We'll use actual NYC Yellow Taxi data to demonstrate real-world scenarios. The NYC Taxi & Limousine Commission provides monthly trip records in Parquet format:

In [None]:
import duckdb
import pandas as pd
import polars as pl
from deltalake import DeltaTable, write_deltalake

# Download NYC Yellow Taxi data (June 2024 as example)
# Full dataset available at: https://www.nyc.gov/site/tlc/about/tlc-trip-record-data.page
taxi_url = "https://d37ci6vzurychx.cloudfront.net/trip-data/yellow_tripdata_2024-06.parquet"

# Read a sample of the data for demonstration
sample_data = pd.read_parquet(taxi_url).head(10000)

print(f"Loaded {len(sample_data)} taxi trips from NYC TLC")
print(f"Data shape: {sample_data.shape}")
print(f"Date range: {sample_data['tpep_pickup_datetime'].min()} to {sample_data['tpep_pickup_datetime'].max()}")

sample_data.head()

## Creating Your First Delta Table

Create your first Delta table in the `data` directory:

In [None]:
write_deltalake("data/taxi_delta_table", sample_data, mode="overwrite")
print("Created Delta table")

# Read back from Delta table
dt = DeltaTable("data/taxi_delta_table")
df_from_delta = dt.to_pandas()

print(f"Delta table contains {len(df_from_delta)} records")

View the Delta table structure:

In [None]:
# Inspect Delta table metadata
print("Delta table schema:")
print(dt.schema().to_arrow())

View the current version of the Delta table:

In [None]:
print(f"Current version: {dt.version()}")

## Incremental Updates and CRUD Operations

Production pipelines require efficient handling of late-arriving data and targeted updates. Delta-rs enables surgical data operations without full dataset rewrites.

To demonstrate this, we'll simulate late-arriving data:

In [None]:
# Simulate late-arriving data
late_data = pd.read_parquet(taxi_url).iloc[10000:10050]
print(f"New data to add: {len(late_data)} records")

### Traditional Approach: Process Everything

The pandas workflow requires loading both existing and new data, combining them, and rewriting the entire output file:

In [None]:
# Pandas approach - reload existing data and merge
existing_df = pd.read_parquet(taxi_url).head(10000)
complete_df = pd.concat([existing_df, late_data])
complete_df.to_parquet("data/taxi_complete.parquet")
print(f"Processed {len(complete_df)} total records")

### Delta-rs Approach: Process Only New Data

Delta-rs performs surgical operations, appending only the new records without touching existing data:

In [None]:
# Delta-rs - append only what's new
write_deltalake("data/taxi_delta_table", late_data, mode="append")

dt = DeltaTable("data/taxi_delta_table")
print(f"Added {len(late_data)} new records")
print(f"Table version: {dt.version()}")

## Time Travel and Data Versioning

Production systems need reliable access to historical data for audits and rollbacks.

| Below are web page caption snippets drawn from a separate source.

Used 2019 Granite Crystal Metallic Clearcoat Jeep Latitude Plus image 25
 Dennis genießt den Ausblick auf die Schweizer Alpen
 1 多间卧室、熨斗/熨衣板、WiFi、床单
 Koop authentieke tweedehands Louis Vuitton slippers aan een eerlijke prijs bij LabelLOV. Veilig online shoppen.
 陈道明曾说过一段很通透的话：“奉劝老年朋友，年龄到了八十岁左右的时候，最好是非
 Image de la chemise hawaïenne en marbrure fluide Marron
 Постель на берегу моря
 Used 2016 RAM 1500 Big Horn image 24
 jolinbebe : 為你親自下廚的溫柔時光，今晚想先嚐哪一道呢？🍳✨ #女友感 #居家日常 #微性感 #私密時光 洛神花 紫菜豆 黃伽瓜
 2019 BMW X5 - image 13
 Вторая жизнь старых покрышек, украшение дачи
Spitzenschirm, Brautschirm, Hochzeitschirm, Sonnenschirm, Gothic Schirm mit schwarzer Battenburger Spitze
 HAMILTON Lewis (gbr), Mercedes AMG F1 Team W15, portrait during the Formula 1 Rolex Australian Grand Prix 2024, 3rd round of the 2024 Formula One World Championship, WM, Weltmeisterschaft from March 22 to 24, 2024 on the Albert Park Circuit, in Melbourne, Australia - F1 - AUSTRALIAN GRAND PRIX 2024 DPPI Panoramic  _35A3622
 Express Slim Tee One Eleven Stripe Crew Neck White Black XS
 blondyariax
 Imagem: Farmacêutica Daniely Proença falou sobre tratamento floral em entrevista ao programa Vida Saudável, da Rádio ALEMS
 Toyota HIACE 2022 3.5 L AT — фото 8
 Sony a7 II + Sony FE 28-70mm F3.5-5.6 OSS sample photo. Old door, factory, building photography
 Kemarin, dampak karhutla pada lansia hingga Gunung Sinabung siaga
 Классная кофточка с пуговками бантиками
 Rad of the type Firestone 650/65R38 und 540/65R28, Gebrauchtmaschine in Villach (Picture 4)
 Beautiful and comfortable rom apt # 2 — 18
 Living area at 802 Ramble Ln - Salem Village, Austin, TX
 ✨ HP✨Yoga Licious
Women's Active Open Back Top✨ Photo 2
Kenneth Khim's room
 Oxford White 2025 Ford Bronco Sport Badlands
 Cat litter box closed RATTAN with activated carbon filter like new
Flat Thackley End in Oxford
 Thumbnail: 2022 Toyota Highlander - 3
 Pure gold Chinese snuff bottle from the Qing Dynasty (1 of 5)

Delta-rs provides automatic versioning without the storage overhead and complexity of manual backup strategies.

### Traditional Approach: Manual Backup Strategy

Traditional file-based workflows rely on timestamped copies and manual versioning:

In [None]:
# Traditional approach - manual timestamped backups
import os

# Create a backup directory if it doesn't exist
os.makedirs("data", exist_ok=True)

# Example of manual backup workflow (commented out to avoid overwriting)
# timestamp = datetime.datetime.now().strftime("%Y%m%d_%H%M%S")
# sample_data.to_parquet(f"data/taxi_backup_{timestamp}.parquet")  # Create manual backup
# sample_data.to_parquet("data/taxi_data.parquet")  # Overwrite original

print("Traditional approach requires manual backup creation and file management")
print("To recover data, you would need to manually identify and reload backup files")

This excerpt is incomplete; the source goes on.